Your models' B/C rating for general CS is the most debated topic in 2026.

  • The Trend: Junior software engineer postings dropped significantly because "Senior + AI" can now do the work of three juniors.

  • The "Irony Tier": I see exactly what Qwen and Kimi were flagging. An "AI Engineering" undergrad is often too narrow. By the time you graduate, the library you learned is obsolete. Industry leaders are now begging for Math and Physics majors because they have the foundational logic to build new models, not just use existing ones.

4. The "Creative Cull" (Graphic Design & Marketing)

This is where the industry is most "brutal" right now.

  • Graphic Design: Entry-level asset creation (logos, social posts, stock imagery) is essentially a dead career path. The only people thriving are high-level Art Directors who use AI as a brush, not a replacement.

  • Marketing: We've seen a shift toward "Hyper-Personalization." If you’re a "Content Creator" writing SEO blogs, you’re in the F-tier. If you’re a "Marketing Strategist" who can orchestrate 1,000 AI agents to run personalized campaigns, you’re S-tier.
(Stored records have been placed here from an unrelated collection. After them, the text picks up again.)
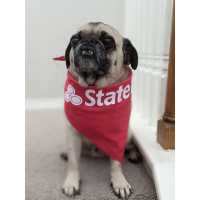 Peter Story - State Farm Insurance Agent Logo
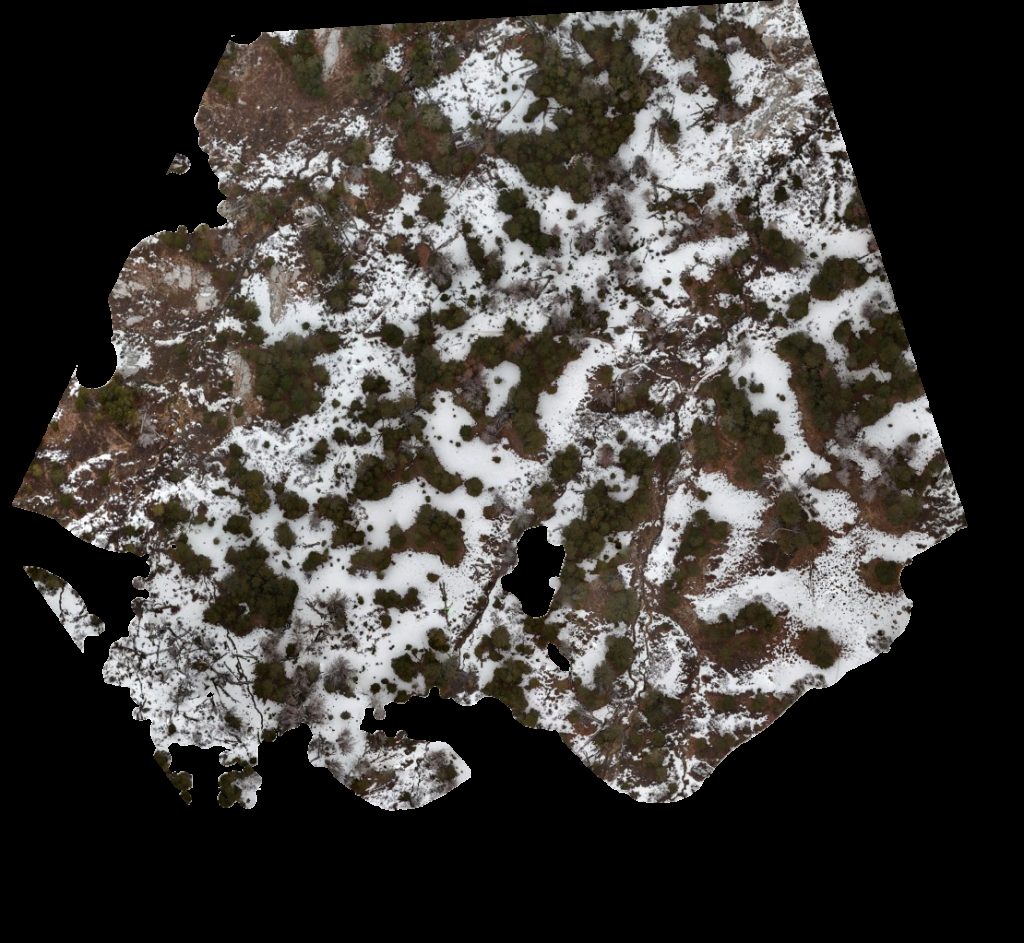 Drone map of Trailhead Toilets Lamoille Canyon Scenic Byway in ruby mountains Aerial drone map in Elko County, Nv, US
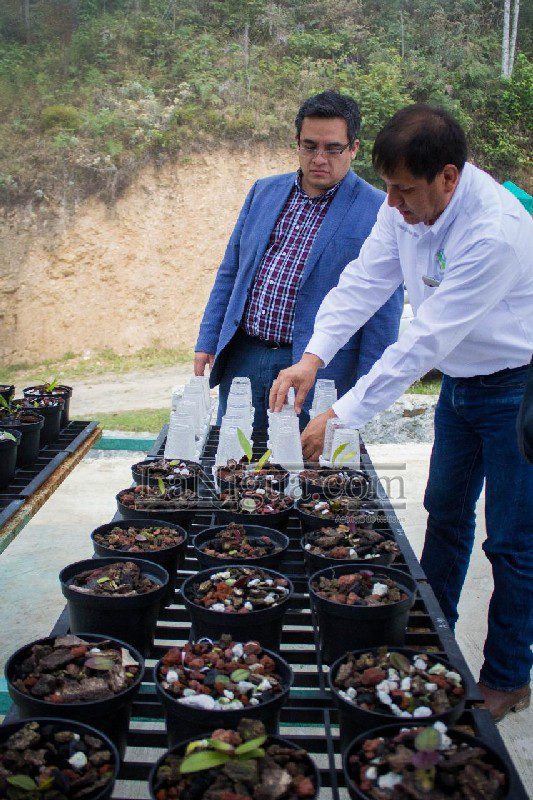 PROGRAMA DE EQUIPAMIENTO AGRÍCOLA 4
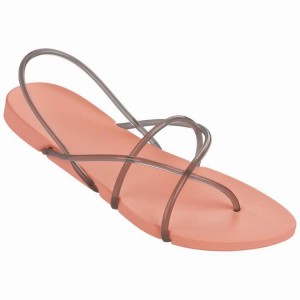 Sandalias Ipanema Philippe Starck Thing G Mujer Rosas Gris | 35840PCGL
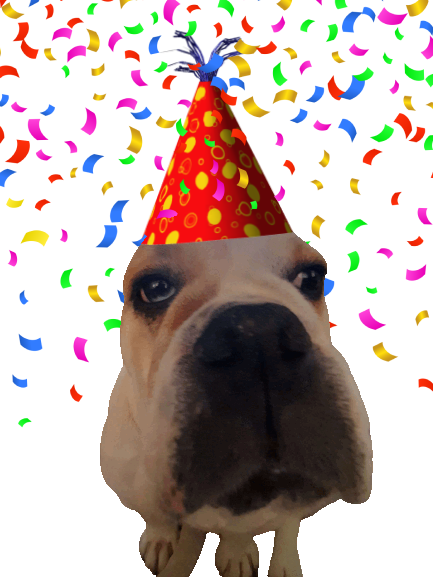 lunas birthday 🥳🥳🥳🥳🥳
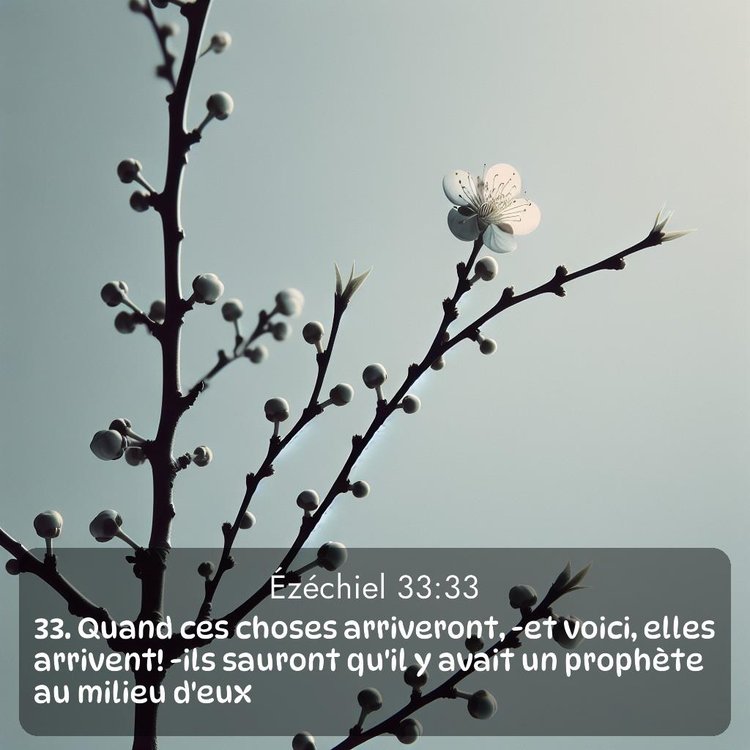 image nature avec verset biblique de la Bible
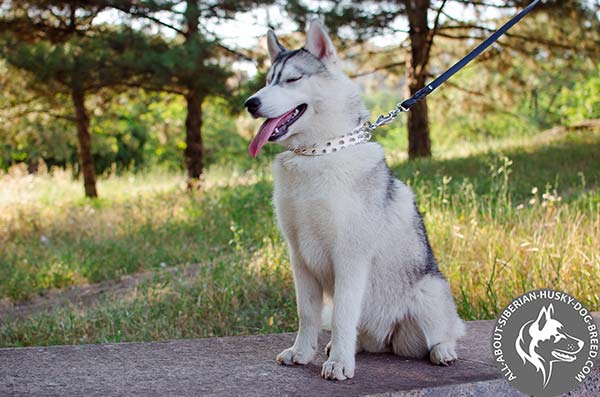Leather Siberian Husky Collar for Safe Walking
Interesting Discrepancy: Cybersecurity

While your models gave it S-Tier, current industry data shows a massive barrier to entry. It is an S-tier career for experts, but an F-tier for beginners. Because AI helps both sides of the "arms race," companies are terrified to hire juniors who might make a mistake. It’s the one field where "learning on the job" is becoming nearly impossible.

A New Category: The "Ethics & Compliance" Shield

One thing your models might have missed that is booming in 2026: AI Auditors. As governments (EU, US, China) have passed massive AI regulations, there is a huge surge in demand for people who can "certify" that a company's AI isn't biased or illegal. It’s like a CPA, but for algorithms.